![fantasia when i see you letra español fantasia when i see you letra español](https://studiosol-a.akamaihd.net/uploadfile/letras/albuns/8/9/1/a/985351605269938.jpg)
![fantasia when i see you letra español fantasia when i see you letra español](https://i.ytimg.com/vi/loOXW59s8Z0/maxresdefault.jpg)
Kennedy describes the opening as "the theme … first hinted at on pizzicato lower strings in a hauntingly poetic introduction before we hear its first full statement in Tallis's four-part harmonisation". Ĥ time, with all three groups playing together, ppp molto sostenuto. The published score does not stipulate the number of players in Orchestra I Orchestra II consists of two first violins, two seconds, two violas, two cellos and one double bass The composer's metronome marking indicates a playing time of 11½ minutes, but in recorded performances the duration has varied between 12m 40s ( Dmitri Mitropoulos, 1958) and 18m 12s ( Leonard Bernstein, 1976), with a more typical time of between 15 and 16½ minutes.
![fantasia when i see you letra español fantasia when i see you letra español](https://http2.mlstatic.com/D_NQ_NP_674525-MCO40434272027_012020-O.jpg)
Orchestra I is the main body of strings Orchestra II is smaller. The Fantasia is scored for double string orchestra with string quartet, employing antiphony between the three contributory ensembles. Problems playing this file? See media help. Vaughan Williams's fantasia draws on but does not strictly follow this precept, containing sections in which the material is interrelated, although with little wholly imitative writing, and antiphony in preference to contrapuntal echoing of themes. The term "fantasia", according to Frank Howes in his study of Vaughan Williams's works, referred to the 16th-century forerunner of the fugue "in that a thread of theme was enunciated and taken up by other parts, then dropped in favour of another akin to it which was similarly treated". For the Hymnal, he adapted the tune as a setting of Joseph Addison's hymn "When rising from the bed of death". Īccording to his biographer Michael Kennedy, Vaughan Williams came to associate Tallis's theme with John Bunyan's Christian allegory, The Pilgrim's Progress, a subject with which the composer had a lifelong fascination he used the tune in 1906 in incidental music he composed for a stage version of the book. The tune is in Double Common Metre (D.C.M. It was a setting of Parker's metrical version of Psalm 2, which in the King James Bible version begins, "Why do the heathen rage, and the people imagine a vain thing?", and is rendered by Parker as "Why fumeth in sight: The Gentils spite, In fury raging stout?

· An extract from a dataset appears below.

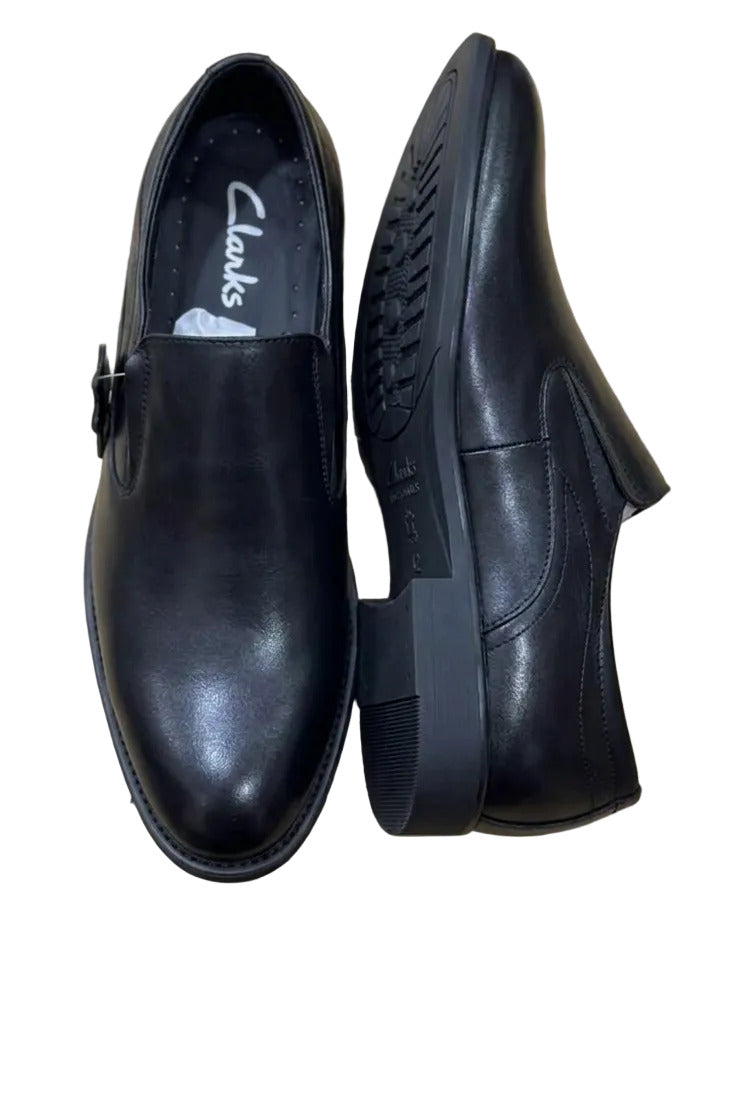 Premium Quality Leather Shoes-Black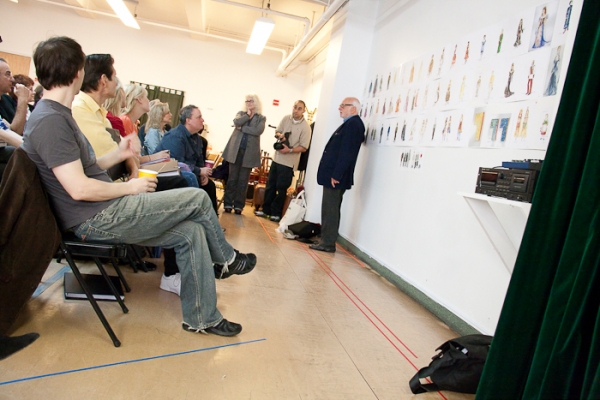 Photo Coverage: PARADISE FOUND Meets the Press! Image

Why taketh in hond: the people fond, Vayne things to bring about?".
![fantasia when i see you letra español fantasia when i see you letra español](http://s3.amazonaws.com/halleonard-coverimages/wl/00353653-wl.jpg)
Tallis's theme was one of nine tunes he wrote for the Psalter of 1567 of the Archbishop of Canterbury, Matthew Parker. Parker's verse for which Tallis composed the tune used by Vaughan Williams Vaughan Williams conducted the London Symphony Orchestra in the first performance of the Fantasia, as the first part of a concert in Gloucester Cathedral on 6 September 1910, followed by Elgar's The Dream of Gerontius, conducted by its composer. It is based on a tune by the 16th-century English composer Thomas Tallis, which Vaughan Williams had come across while editing the English Hymnal, published in 1906. He composed what his biographer James Day calls "unquestionably the first work by Vaughan Williams that is recognizably and unmistakably his and no one else's". In that year the Three Choirs Festival commissioned a work from him, to be premiered in Gloucester Cathedral this represented a considerable boost to his standing. Vaughan Williams did not achieve wide recognition early in his career as a composer, but by 1910, in his late thirties, he was gaining a reputation.